New Environment: Creating and Modeling¶

In this notebook, we will show how to extend RL4CO to solve new problems from zero to hero! 🚀

Contents¶

Environment
Modeling
Training
Evaluation

Problem: TSP¶

We will build an environment and model for the Traveling Salesman Problem (TSP). The TSP is a well-known combinatorial optimization problem that consists of finding the shortest route that visits each city in a given list exactly once and returns to the origin city. The TSP is NP-hard, and it is one of the most studied problems in combinatorial optimization.

Installation¶

[23]:

## Uncomment the following line to install the package from PyPI
## You may need to restart the runtime in Colab after this
## Remember to choose a GPU runtime for faster training!

# !pip install rl4co

Imports¶

[24]:

from typing import Optional
import torch
import torch.nn as nn

from tensordict.tensordict import TensorDict
from torchrl.data import (
    BoundedTensorSpec,
    CompositeSpec,
    UnboundedContinuousTensorSpec,
    UnboundedDiscreteTensorSpec,
)

from rl4co.models.nn.utils import rollout, random_policy
from rl4co.envs.common.base import RL4COEnvBase
from rl4co.models.zoo import AttentionModel, AutoregressivePolicy
from rl4co.utils.ops import gather_by_index, get_tour_length
from rl4co.utils.trainer import RL4COTrainer

Environment Creation¶

We will base environment creation on the RL4COEnvBase class, which is based on TorchRL. More information in documentation!

Reset¶

The _reset function is used to initialize the environment to an initial state. It returns a TensorDict of the initial state.

[25]:

def _reset(self, td: Optional[TensorDict] = None, batch_size=None) -> TensorDict:
    # Initialize locations
    init_locs = td["locs"] if td is not None else None
    if batch_size is None:
        batch_size = self.batch_size if init_locs is None else init_locs.shape[:-2]
    device = init_locs.device if init_locs is not None else self.device
    self.to(device)
    if init_locs is None:
        init_locs = self.generate_data(batch_size=batch_size).to(device)["locs"]
    batch_size = [batch_size] if isinstance(batch_size, int) else batch_size

    # We do not enforce loading from self for flexibility
    num_loc = init_locs.shape[-2]

    # Other variables
    current_node = torch.zeros((batch_size), dtype=torch.int64, device=device)
    available = torch.ones(
        (*batch_size, num_loc), dtype=torch.bool, device=device
    )  # 1 means not visited, i.e. action is allowed
    i = torch.zeros((*batch_size, 1), dtype=torch.int64, device=device)

    return TensorDict(
        {
            "locs": init_locs,
            "first_node": current_node,
            "current_node": current_node,
            "i": i,
            "action_mask": available,
            "reward": torch.zeros((*batch_size, 1), dtype=torch.float32),
        },
        batch_size=batch_size,
    )

Step¶

Environment _step: this defines the state update of the TSP problem gived a TensorDict (td in the code) of the current state and the action to take:

[26]:

def _step(self, td: TensorDict) -> TensorDict:
    current_node = td["action"]
    first_node = current_node if td["i"].all() == 0 else td["first_node"]

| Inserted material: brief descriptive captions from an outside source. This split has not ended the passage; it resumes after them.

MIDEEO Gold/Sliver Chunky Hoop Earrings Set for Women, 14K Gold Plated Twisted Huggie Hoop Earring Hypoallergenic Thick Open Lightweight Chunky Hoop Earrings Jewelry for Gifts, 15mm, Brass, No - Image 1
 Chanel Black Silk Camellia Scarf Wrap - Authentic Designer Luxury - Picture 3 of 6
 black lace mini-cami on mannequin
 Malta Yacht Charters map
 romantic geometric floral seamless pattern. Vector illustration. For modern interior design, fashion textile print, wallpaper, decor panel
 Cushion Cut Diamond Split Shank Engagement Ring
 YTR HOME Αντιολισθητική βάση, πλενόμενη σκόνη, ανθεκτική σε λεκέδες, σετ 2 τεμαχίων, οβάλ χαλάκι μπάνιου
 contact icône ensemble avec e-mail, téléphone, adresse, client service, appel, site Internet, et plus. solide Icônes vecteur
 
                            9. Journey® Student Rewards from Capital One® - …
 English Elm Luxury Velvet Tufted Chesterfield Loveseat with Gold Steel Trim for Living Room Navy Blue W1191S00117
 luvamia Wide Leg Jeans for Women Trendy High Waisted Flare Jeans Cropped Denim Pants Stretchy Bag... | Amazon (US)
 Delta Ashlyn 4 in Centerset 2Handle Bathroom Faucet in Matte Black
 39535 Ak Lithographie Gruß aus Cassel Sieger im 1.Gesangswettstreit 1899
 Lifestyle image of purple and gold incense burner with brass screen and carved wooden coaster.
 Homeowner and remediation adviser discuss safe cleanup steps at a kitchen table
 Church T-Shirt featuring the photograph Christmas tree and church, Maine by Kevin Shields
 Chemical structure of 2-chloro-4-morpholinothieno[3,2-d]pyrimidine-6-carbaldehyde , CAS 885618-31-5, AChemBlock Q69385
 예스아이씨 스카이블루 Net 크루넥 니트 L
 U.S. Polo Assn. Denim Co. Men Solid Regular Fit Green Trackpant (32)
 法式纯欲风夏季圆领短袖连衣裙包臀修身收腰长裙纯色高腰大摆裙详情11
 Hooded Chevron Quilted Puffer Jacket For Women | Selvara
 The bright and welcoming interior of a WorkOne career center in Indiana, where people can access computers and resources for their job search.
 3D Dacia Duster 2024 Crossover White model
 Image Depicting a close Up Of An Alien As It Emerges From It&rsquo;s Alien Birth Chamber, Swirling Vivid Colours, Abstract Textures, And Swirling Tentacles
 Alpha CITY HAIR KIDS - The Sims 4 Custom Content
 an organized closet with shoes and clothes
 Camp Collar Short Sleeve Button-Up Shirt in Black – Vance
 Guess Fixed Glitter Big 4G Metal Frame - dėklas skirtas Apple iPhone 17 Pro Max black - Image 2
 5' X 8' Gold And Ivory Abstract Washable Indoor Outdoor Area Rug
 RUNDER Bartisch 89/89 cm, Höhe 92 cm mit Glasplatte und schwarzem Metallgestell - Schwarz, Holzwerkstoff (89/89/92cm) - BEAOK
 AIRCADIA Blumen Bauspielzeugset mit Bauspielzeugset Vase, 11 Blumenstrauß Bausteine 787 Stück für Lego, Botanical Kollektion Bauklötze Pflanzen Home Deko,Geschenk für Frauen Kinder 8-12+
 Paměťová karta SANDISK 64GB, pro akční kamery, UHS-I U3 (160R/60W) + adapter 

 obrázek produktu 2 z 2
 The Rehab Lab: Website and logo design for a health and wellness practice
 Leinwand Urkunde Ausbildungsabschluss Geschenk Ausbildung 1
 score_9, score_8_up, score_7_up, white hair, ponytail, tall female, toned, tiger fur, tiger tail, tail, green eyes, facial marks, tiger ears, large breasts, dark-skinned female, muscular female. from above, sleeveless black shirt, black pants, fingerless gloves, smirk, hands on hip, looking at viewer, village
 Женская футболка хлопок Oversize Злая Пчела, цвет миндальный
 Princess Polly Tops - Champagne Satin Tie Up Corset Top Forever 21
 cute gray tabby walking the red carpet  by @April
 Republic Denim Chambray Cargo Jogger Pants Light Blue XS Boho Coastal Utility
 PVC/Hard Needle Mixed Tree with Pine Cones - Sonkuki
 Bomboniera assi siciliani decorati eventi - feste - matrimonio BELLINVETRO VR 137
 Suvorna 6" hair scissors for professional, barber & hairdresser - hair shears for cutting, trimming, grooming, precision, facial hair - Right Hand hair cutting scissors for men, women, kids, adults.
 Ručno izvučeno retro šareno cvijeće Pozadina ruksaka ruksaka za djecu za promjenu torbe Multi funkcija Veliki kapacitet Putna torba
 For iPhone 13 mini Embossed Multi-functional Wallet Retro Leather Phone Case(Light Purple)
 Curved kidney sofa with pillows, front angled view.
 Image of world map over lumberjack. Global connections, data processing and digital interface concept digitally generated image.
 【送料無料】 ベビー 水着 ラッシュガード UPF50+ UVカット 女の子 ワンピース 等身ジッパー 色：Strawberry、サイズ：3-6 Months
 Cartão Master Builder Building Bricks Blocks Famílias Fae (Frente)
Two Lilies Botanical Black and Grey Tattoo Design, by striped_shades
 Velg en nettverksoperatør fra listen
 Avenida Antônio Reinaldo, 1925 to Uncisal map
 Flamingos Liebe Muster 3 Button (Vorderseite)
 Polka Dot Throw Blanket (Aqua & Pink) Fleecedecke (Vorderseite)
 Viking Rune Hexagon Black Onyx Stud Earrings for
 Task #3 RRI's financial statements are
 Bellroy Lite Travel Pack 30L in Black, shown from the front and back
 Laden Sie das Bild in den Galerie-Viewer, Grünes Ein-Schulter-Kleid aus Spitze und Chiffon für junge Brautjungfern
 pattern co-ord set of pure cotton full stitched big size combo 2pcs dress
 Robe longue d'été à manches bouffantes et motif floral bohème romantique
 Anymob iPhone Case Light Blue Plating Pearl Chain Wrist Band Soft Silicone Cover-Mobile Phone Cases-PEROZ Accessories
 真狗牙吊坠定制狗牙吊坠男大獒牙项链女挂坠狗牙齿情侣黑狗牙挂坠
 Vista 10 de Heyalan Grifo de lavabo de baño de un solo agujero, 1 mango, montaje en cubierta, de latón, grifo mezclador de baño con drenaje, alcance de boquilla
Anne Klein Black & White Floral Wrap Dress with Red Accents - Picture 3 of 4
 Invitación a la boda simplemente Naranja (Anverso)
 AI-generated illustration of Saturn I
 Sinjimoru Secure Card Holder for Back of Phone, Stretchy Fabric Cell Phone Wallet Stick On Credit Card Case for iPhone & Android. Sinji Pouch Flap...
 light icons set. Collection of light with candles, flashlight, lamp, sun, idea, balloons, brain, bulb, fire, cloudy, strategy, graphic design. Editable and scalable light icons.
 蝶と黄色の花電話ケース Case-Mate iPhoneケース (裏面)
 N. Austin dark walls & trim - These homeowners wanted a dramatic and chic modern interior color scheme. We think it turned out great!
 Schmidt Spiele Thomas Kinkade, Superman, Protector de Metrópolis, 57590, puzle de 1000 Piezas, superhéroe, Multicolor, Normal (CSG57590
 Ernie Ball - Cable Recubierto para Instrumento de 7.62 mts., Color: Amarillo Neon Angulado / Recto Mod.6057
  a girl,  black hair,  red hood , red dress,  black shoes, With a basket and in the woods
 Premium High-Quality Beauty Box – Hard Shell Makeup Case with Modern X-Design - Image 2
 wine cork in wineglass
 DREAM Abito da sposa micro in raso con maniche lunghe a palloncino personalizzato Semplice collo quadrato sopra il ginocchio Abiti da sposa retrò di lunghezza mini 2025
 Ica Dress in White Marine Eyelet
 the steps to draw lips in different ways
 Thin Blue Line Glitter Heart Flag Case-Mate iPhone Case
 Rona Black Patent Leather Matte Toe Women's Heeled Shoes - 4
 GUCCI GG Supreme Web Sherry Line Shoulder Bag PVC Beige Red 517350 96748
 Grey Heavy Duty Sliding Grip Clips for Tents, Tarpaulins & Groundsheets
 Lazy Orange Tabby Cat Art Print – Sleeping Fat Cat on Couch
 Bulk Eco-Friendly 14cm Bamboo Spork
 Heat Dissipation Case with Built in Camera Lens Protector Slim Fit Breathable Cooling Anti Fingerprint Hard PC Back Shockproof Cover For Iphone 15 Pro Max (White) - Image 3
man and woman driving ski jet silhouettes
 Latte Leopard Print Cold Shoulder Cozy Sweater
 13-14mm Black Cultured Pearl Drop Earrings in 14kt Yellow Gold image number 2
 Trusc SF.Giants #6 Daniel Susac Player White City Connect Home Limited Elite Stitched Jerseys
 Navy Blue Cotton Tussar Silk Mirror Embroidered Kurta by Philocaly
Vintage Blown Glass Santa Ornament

    # Set not visited to 0 (i.e., we visited the node)
    # Note: we may also use a separate function for obtaining the mask for more flexibility
    available = td["action_mask"].scatter(
        -1, current_node.unsqueeze(-1).expand_as(td["action_mask"]), 0
    )

    # We are done there are no unvisited locations
    done = torch.sum(available, dim=-1) == 0

    # The reward is calculated outside via get_reward for efficiency, so we set it to 0 here
    reward = torch.zeros_like(done)

    td.update(
        {
            "first_node": first_node,
            "current_node": current_node,
            "i": td["i"] + 1,
            "action_mask": available,
            "reward": reward,
            "done": done,
        },
    )
    return td

[Optional] Separate Action Mask Function¶

The get_action_mask function simply returns a mask of the valid actions for the current updated state. This can be used in _step and _reset for larger environments with several constraints and may be useful for modularity

[27]:

def get_action_mask(self, td: TensorDict) -> TensorDict:
    # Here: your logic
    return td["action_mask"]

[Optional] Check Solution Validity¶

Another optional utility, this checks whether the solution is feasible and can help identify bugs

[28]:

def check_solution_validity(self, td: TensorDict, actions: torch.Tensor):
    """Check that solution is valid: nodes are visited exactly once"""
    assert (
        torch.arange(actions.size(1), out=actions.data.new())
        .view(1, -1)
        .expand_as(actions)
        == actions.data.sort(1)[0]
    ).all(), "Invalid tour"

Reward function¶

The get_reward function is used to evaluate the reward given the solution (actions).

[29]:

def get_reward(self, td, actions) -> TensorDict:
    # Sanity check if enabled
    if self.check_solution:
        self.check_solution_validity(td, actions)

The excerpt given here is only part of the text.